Source data>
□ □ □ □ □

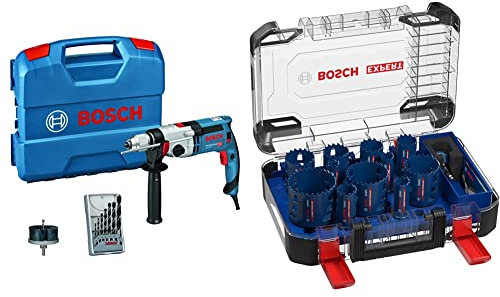 Bosch Professional Schlagbohrmaschine GSB 24-2 (max. Drehmoment: 40/14,5 Nm, inkl. Zubehörset, in L-Case) + 14 tlg. Expert Tough Material Lochsäge Set (für Holz mit Metall, Ø 20-76 mm, Zubehör)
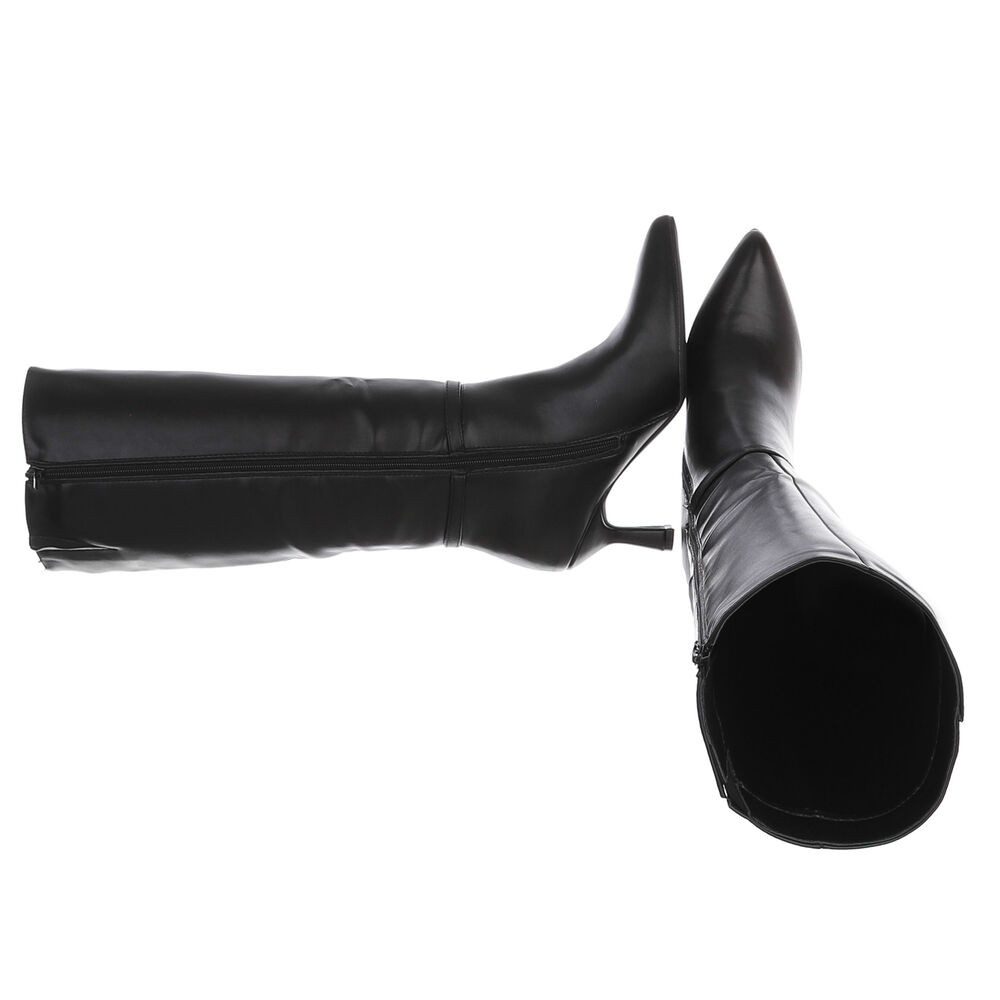 Ital-Design Damen Kniehohe Stiefel mit Absatz und Schließe Stiefel (92214339) Pfennig-/Stilettoabsatz Stiefel in Schwarz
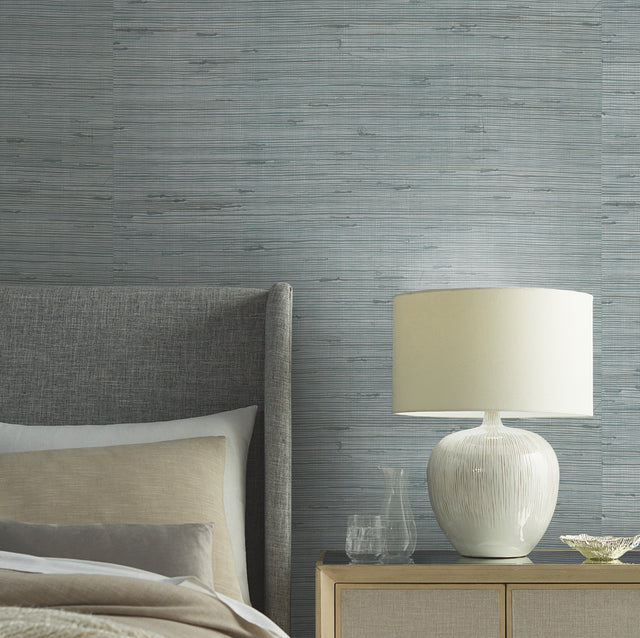 Metallic Jute Silver & Aqua Grasscloth Wallpaper - York OS4325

□ □ □ □ □

What you will do> Reproduce the data above verbatim, minus any images.

Result for this task>
 Bosch Professional Schlagbohrmaschine GSB 24-2 (max. Drehmoment: 40/14,5 Nm, inkl. Zubehörset, in L-Case) + 14 tlg. Expert Tough Material Lochsäge Set (für Holz mit Metall, Ø 20-76 mm, Zubehör)
 Ital-Design Damen Kniehohe Stiefel mit Absatz und Schließe Stiefel (92214339) Pfennig-/Stilettoabsatz Stiefel in Schwarz
 Metallic Jute Silver & Aqua Grasscloth Wallpaper - York OS4325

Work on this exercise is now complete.